The Roundabout also revives a more recent work, Terrence McNally's 1974 comedy The Ritz (September 14-December 2), at Studio 54. Rosie Perez and Kevin Chamberlin are among the actors who end up in a Manhattan gay bathhouse, where a minor flunky goes to hide from a mobster.
The third new Broadway show this month is Theresa Rebeck's Mauritius (September 13-November 25) at Manhattan Theatre Club's Biltmore Theatre. This dark comedy about two half-sisters who inherit a rare stamp collection stars Bobby Cannavale, Alison Pill, F. Murray Abraham, Dylan Baker, and Katie Finneran.

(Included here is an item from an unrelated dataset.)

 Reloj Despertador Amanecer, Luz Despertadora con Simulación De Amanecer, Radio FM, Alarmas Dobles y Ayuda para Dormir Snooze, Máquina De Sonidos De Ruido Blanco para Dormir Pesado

But to see the biggest star of all, you'll need to head to Brooklyn. Sir Ian McKellen plays the title role in the Royal Shakespeare Company's King Lear (September 6-30) at BAM, and will also be featured in the RSC's production of The Seagull (September 7-29), playing in rotating repertory.
Musical fanciers need not despair: A new installment of Gerard Alessandrini's popular send up of the Great White Way, entitled Forbidden Broadway: Rude Awakening, is at the 47th Street Theater. Another musical highlight this month is The Public Theater's 40th anniversary concert of Hair: The American Tribal Rock Musical for three free outdoor performances at the Delacorte Theater, September 22-24. Greetings From Yorkville (Soho Playhouse, beginning September 25), written by and starring Anya Turner and Robert Grusecki, is about a couple of songwriters from the Midwest who arrive in the Big City.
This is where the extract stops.